At its roots Ben-Hur is
Christian movie. But it spends the majority of its 3 hours and 40 minutes as an
epic about one man and his quest through the Middle East, through slavery, in
ships, on mountains, in chariots, up the ranks of Roman society, and back home.
It is long and tedious. But there are some highlights, the most notable being
the famous chariot race scene.
It is one of the most well-known action sequences in movie
history. And the fact that it remains genuinely thrilling more than 50 years
later is a testament to its effectiveness and is illustrative of some of the
problems in today’s CGI-driven action landscape. Mark Harris, formerly of
Grantland (may it rest in peace) wrote about this issue by comparing the newest
Avengers movie and Mad Max Fury Road. Watching a
supervillain rip out a chunk of a city and float it into the air while
computer-animated robots do battle with stunt doubles is too cut off from
reality. There are no real stakes involved and it’s hard to be invested when
you know the problem can be solved with a few keystrokes by a CGI artist. Fury Road, on the other hand, was
incredibly effective for its now-famous (and Oscar awarded) use of ‘practical
effects’. This means that in Fury Road
when cars flip and crash and burn, there were actually real cars somewhere in
real space that flipped and crashed and burned. They drove in the desert and
people were really on and in them, and the CGI was used to enhance things that
were really there and filmed by a camera. The whole thing feels alive and seems to have real consequences attached.
The chariot race in Ben-Hur,
of course, was shot using real people, real chariots, real horses, and a real
crowd. And all this realness produces
a sense of real danger (the urban legend that a stuntman died on camera doesn’t hurt either). You feel
the strain on the racers’ bodies, you see the tension in their eyes. They
sweat. Some fall out and are crushed. Some are dragged by the reins when their chariots crumble.

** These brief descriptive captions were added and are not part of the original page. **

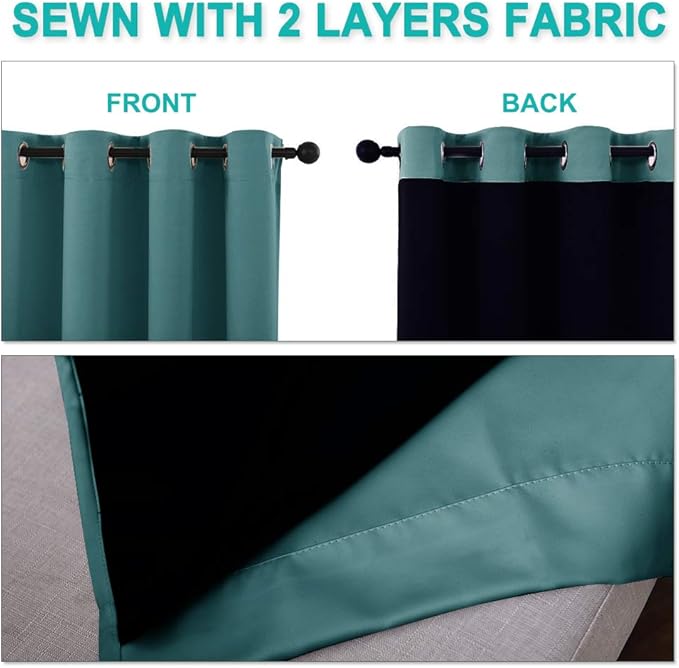 NICETOWN 100% Blackout Blinds, Set of 2, 46" x 45", Sea Teal, Laundry Room Decor Window Treatment Curtains for Large Patio Sliding Door, Thermal Insulated Curtains for Bedroom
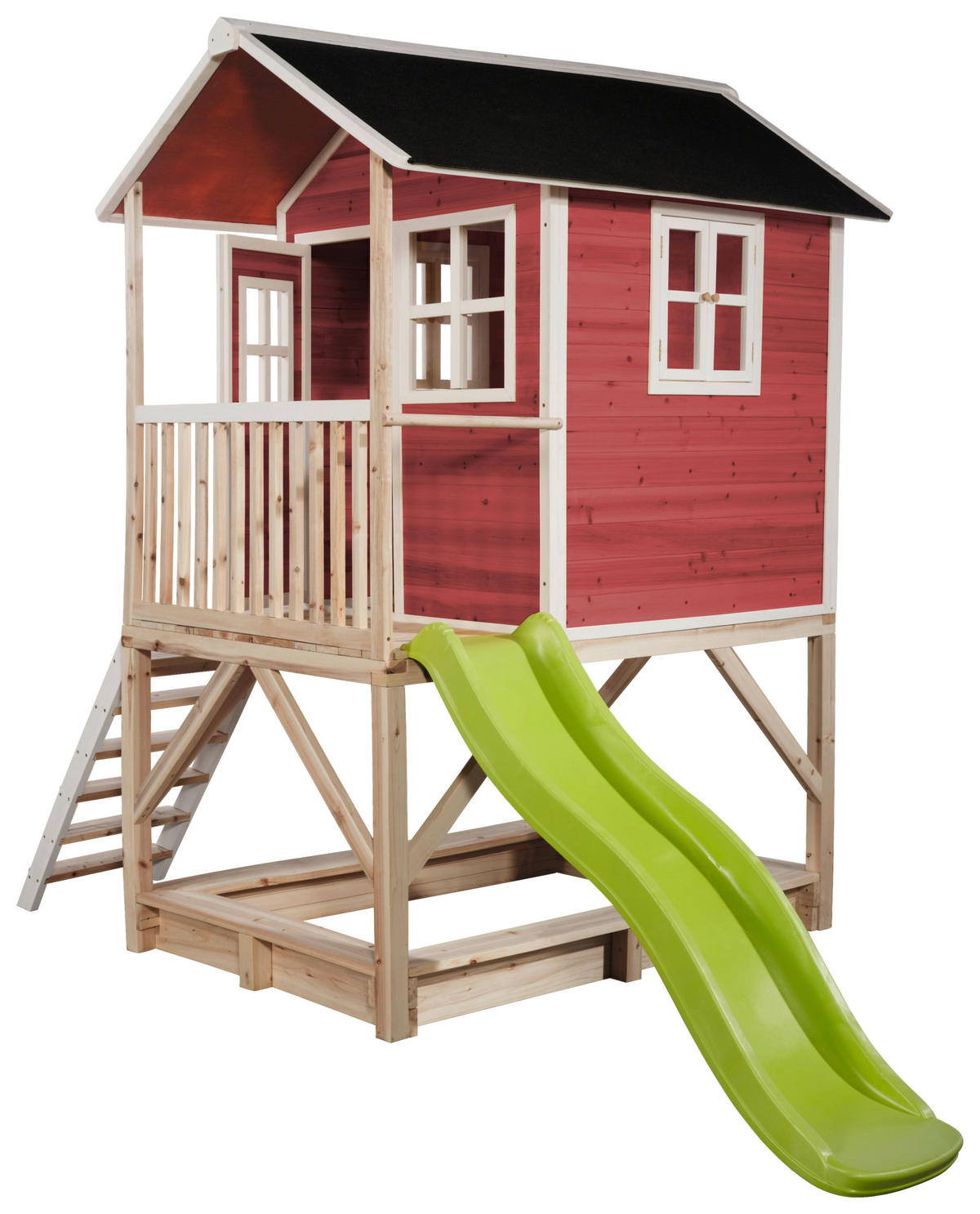 SPIELHAUS EXIT LOFT 500 ROT  - Rot/Limette, KONVENTIONELL, Holz (329/190/253cm) - EXIT Toys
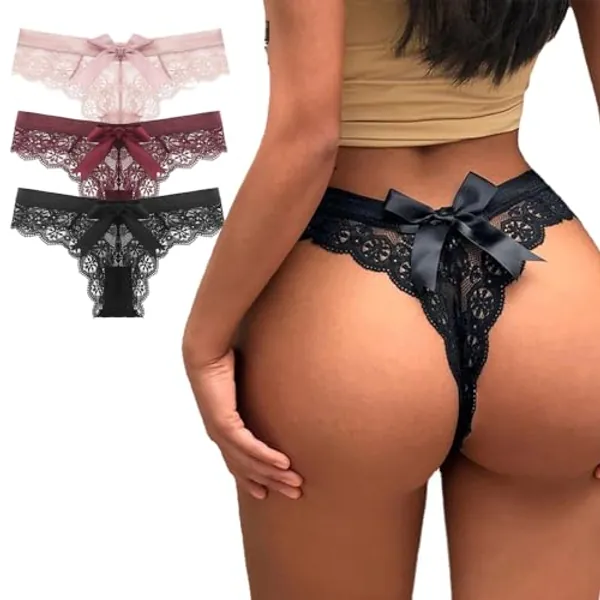Women Lace Bow Thongs,T Back Low Waist Panties Sexy V-Shape Design Floral Lace, Breathable Panties Undies for Women 3-Pack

You really don’t want that scumbag Messala to win and you wouldn’t mind if
something bad were to happen to him along the way. You’re invested in it. It is
a stark contrast, not just to modern computer-generated action, but to another
scene in the movie. At one point Judah finds himself as an oarsman on a war
ship. A battle breaks out and it is filmed in the 1950s version of CGI. The
whole thing is shot – very obviously – using miniatures. The tiny boats –
supposedly filled with hundreds of rowers – bump into each other over and over from
the same camera angle and nothing about it is real. You know they could just be
picked up and put out of each other’s way and the whole thing could be avoided.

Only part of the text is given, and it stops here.